While debt can be extraordinarily useful, it can also kill a company if mismanaged. Equity, on the other hand, is a much more lenient source of funding. The cash from a round of equity investment can be used to grow the business more quickly, driving both the top and bottom lines. Additionally, outside investors can bring great experience, networks, and know-how to the business, making an equity offering potentially far more valuable than just the amount of cash raised.

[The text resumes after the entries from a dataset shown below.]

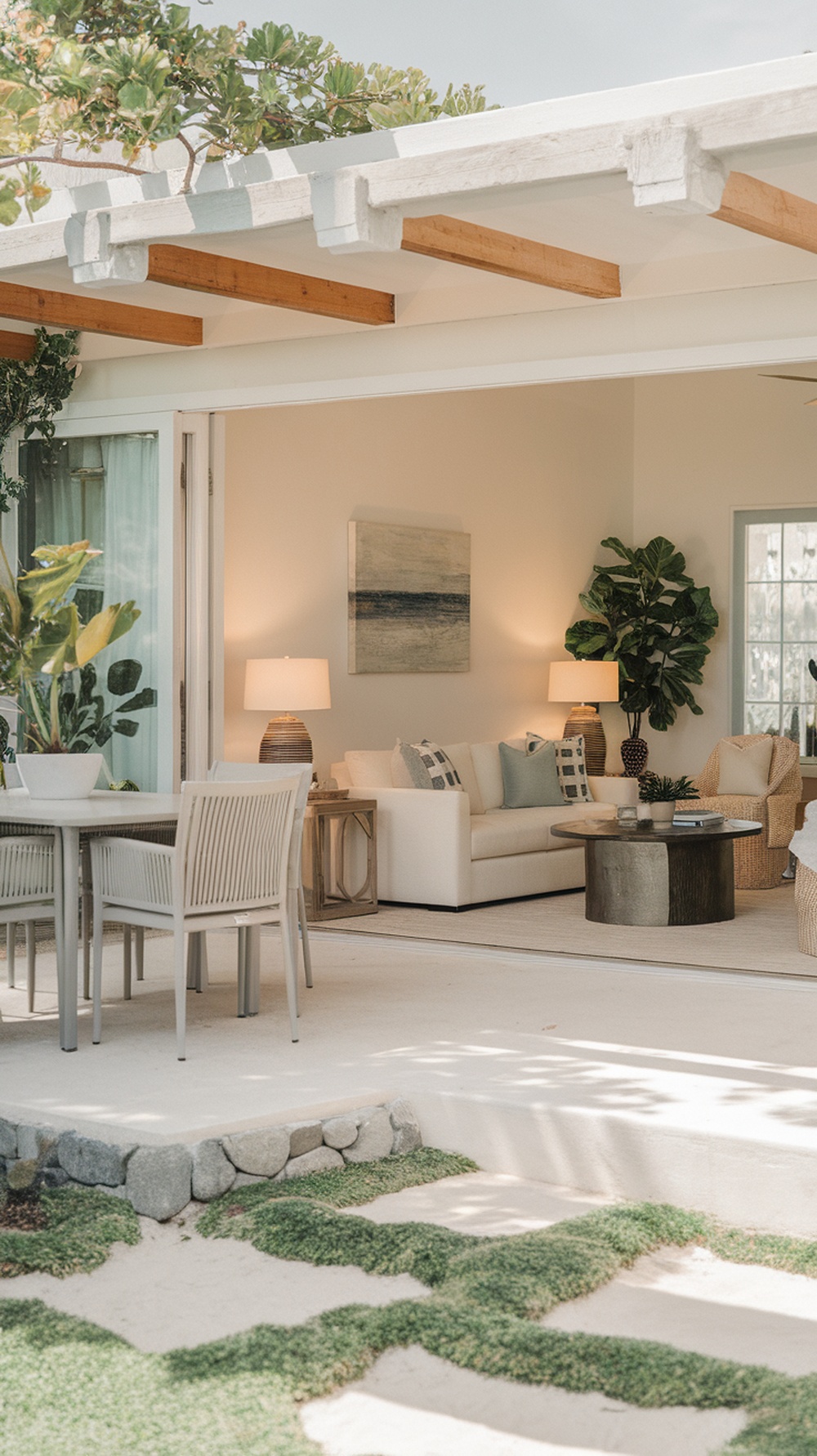Modern coastal living room with indoor-outdoor flow featuring large glass doors, comfortable furniture, and a dining area overlooking a garden.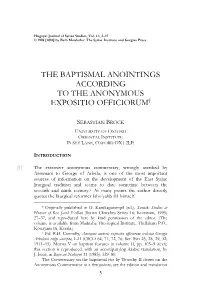 The Baptismal Anointings According to the Anonymous Expositio Officiorum†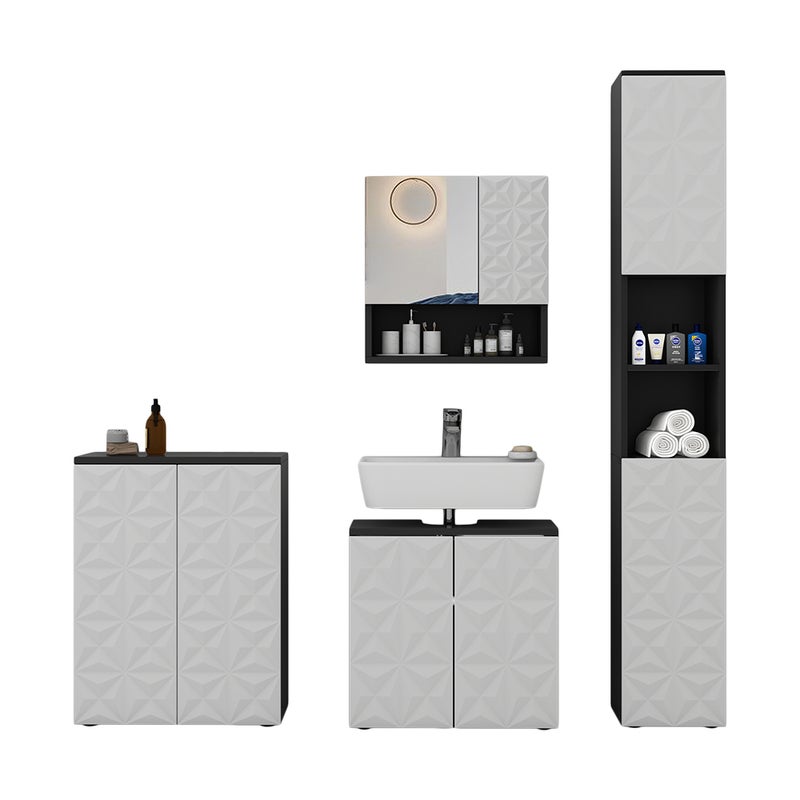 Vicco Zestaw mebli łazienkowych Edge, Czarny, 4 części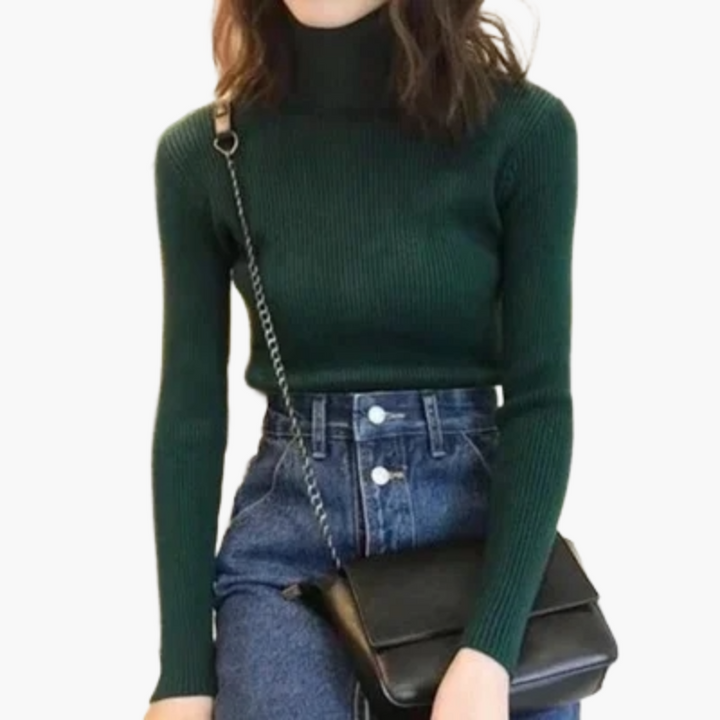 Mirla | Ribbad Rullkragepullover Basic Långärm - Mångsidig Höst & Vinterlook-Eva Jonsson
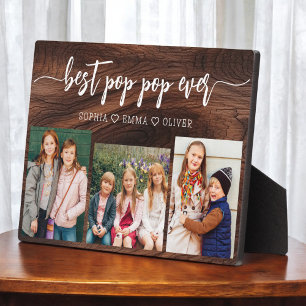 Best Wood Pop Pop Grandpa Photo Collage Plaque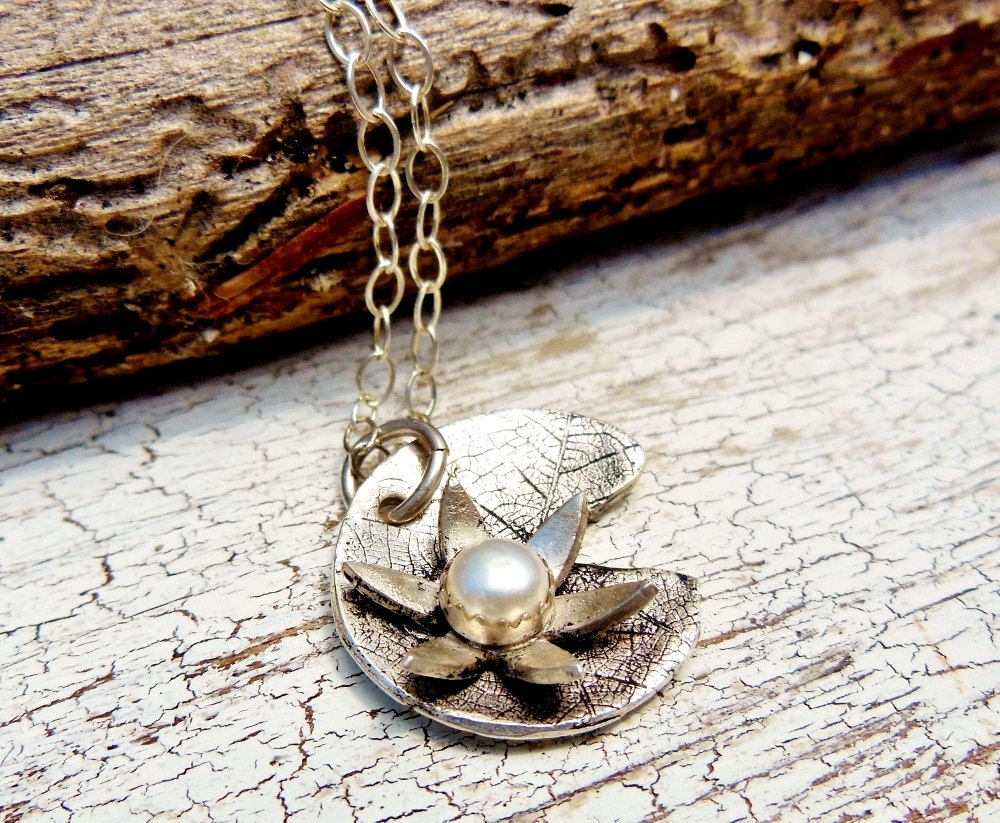 White Pearl Necklace- Silver Lily Pad Pendant Fresh water Pearl Lily Flower Fine Silver Necklace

Pro: Staying private means maintaining control
Many an entrepreneur has refused outside equity investment in order to maintain control over their company. While it is possible to maintain control even throughout equity offerings, it invariably will erode the founder’s hold on the business to some degree, and the dilution of ownership is understandably undesirable. Take Dov Charney’s ongoing struggle over ownership of American Apparel as an extreme example. However, even if a company’s ownership structure is designed such that the founder maintains majority voting control of the shares, much like Mark Zuckerberg did with Facebook, they will have to deal with many more voices as the number of shareholders increases and each one gives their two cents’ worth of advice. If it becomes too much to handle, the company could lose focus and value could end up being destroyed.

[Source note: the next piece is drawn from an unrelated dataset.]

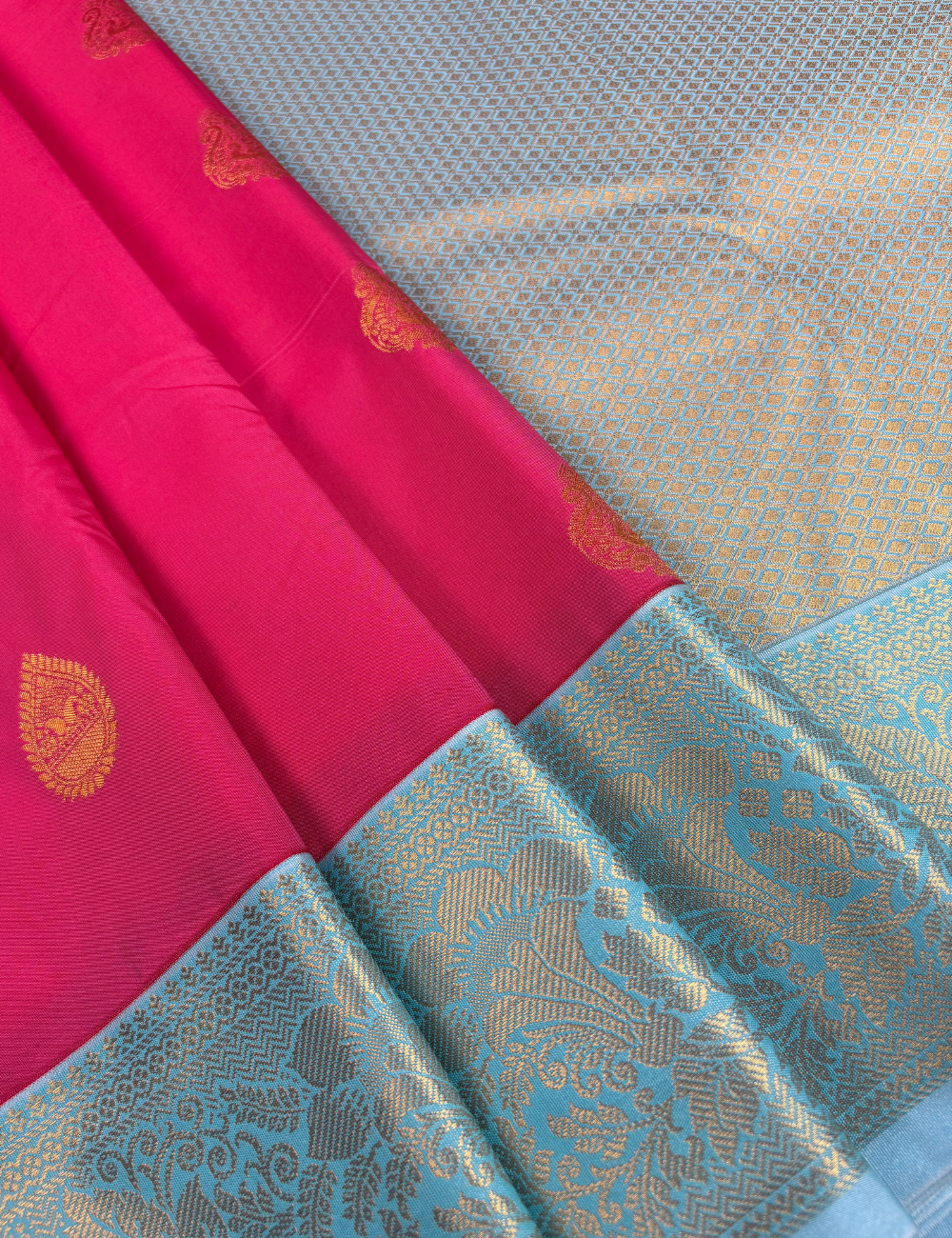 Rani Rose Soft Semi Silk Kanjivaram Saree with Sky Blue Korvai Border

Con: An IPO sometimes means raising capital for the sake of raising capital
Ask the owner of any successful privately held company and they will tell you their phones ring off the hook with offers from early-stage investors and investment banks wanting a piece of their pie. Yes, it’s always flattering to be sought after and it may sound like a good problem to have, but raising money when not necessary can be just as bad for a small business as not having enough. “Because we can” is a bad reason for any company to raise capital, as it indicates management has no plans for the cash and it will probably end up being wasted.
It’s very exciting, and a definite ego-boost for the owners, but if management is blinded by the dollar signs, spending can quickly spiral out of control, leading to negligent expense, ranging from developing products that have no market to odd, out-of-place acquisitions, to a bloated workforce. Sometimes, it’s better to just say “thanks, but no thanks.”

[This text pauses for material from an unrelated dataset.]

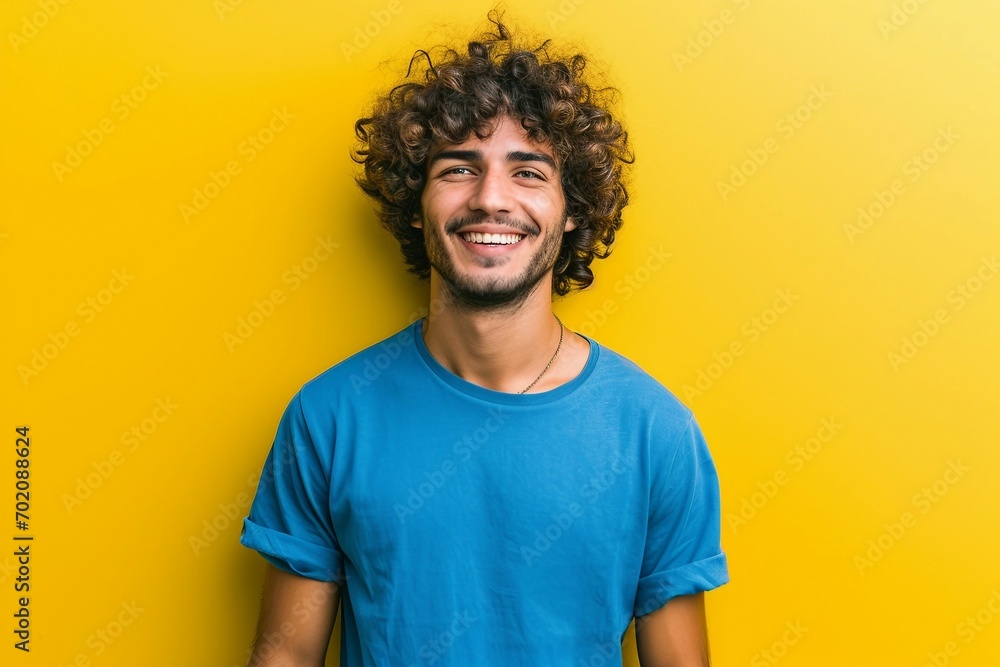 a man smiling with curly hair a man smiling with curly hair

Pro: Staying private makes it easier to keep your company’s culture
While some brush off corporate culture as unimportant, this is really more of a reflection that these individuals work for a business with a less than stellar environment. Fantastic culture is what keeps employees engaged and productive in the often demanding environment of a startup company. Bringing in outsiders, public or private, means also bringing in outside cultures, which can clash with the internal one. Further, outside investment solidifies a company’s valuation in the minds of its shareholders, the biggest of whom are often company insiders. Executives becoming paper millionaires overnight may change their attitudes and mindsets with potentially negative consequences. Maintaining a unique culture ensures a tightly-knit team that leverages their strengths, insulating against becoming a bureaucratically burdened cubicle farm of dispirited workers.
While this list is hardly exhaustive, it hits some of the big issues to think over when considering an equity offering for your business. It’s an enormous decision, with major ramifications and compelling arguments to be made for both sides and definitely not something to be taken lightly.